The great English mathematician G.H. Hardy, speaking of his Indian protégé Ramanujan (see post 25) once quoted to his colleague Littlewood that “every integer was his [Ramanujan’s] personal friend”. “I like that,” said Littlewood “I wonder who said it?” “You did,” said Hardy.
Littlewood tells this story against himself in the wonderful autobiographical “Littlewood’s Miscellany” – a key reference for anyone who wants to understand how mathematicians think, even if half of it is incomprehensible to anyone without a degree in pure mathematics.
But for most of us, just catching on to how numbers behave would be a good start. Mathematician and stand-up comedian Matt Parker now offers a helping hand with an app called a polygonal number calculator (http://makeanddo4d.com/polygonal-number-calculator/). It allows the user to visualize numbers geometrically, and to follow how they interact and connect with each other in a variety of ways. It’s great fun, and for many people (especially those who learn best through visual imagery) it may provide a new and helpful way to think about numbers.
It’s not the first attempt to relate arithmetic, algebra and geometry – in fact, this is one of the major aims of modern mathematics, as Simon Singh marvelously reveals in Fermat’s Last Theorem.
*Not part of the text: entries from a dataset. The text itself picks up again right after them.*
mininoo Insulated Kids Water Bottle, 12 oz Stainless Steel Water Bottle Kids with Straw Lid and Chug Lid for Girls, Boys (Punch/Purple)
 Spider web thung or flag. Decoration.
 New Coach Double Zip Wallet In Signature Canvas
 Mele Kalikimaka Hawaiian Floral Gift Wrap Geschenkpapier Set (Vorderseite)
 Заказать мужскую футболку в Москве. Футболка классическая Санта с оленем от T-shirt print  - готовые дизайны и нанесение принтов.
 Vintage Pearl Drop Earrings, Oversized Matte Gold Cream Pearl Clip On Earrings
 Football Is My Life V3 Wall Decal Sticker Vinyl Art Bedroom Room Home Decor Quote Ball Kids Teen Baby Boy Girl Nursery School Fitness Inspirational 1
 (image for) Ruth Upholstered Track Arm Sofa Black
Going back further, someone (history uncertain: http://math.stackexchange.com/questions/886177/where-does-the-visual-multiplication-technique-originate-from) hundreds of years ago came up with a neat geometric method of multiplication. Briefly (as in the image above) draw a series of lines sloping upwards to the right to represent the first number, then a series crossing the first set and sloping downwards to the right to represent the second number. After that, it simply a matter of counting the crossing points.
If you want to learn about it in detail, here is a really good video: https://www.youtube.com/watch?v=0SZw8jpfAk0.
Now (if you are keen) it’s over to you to work out why it works!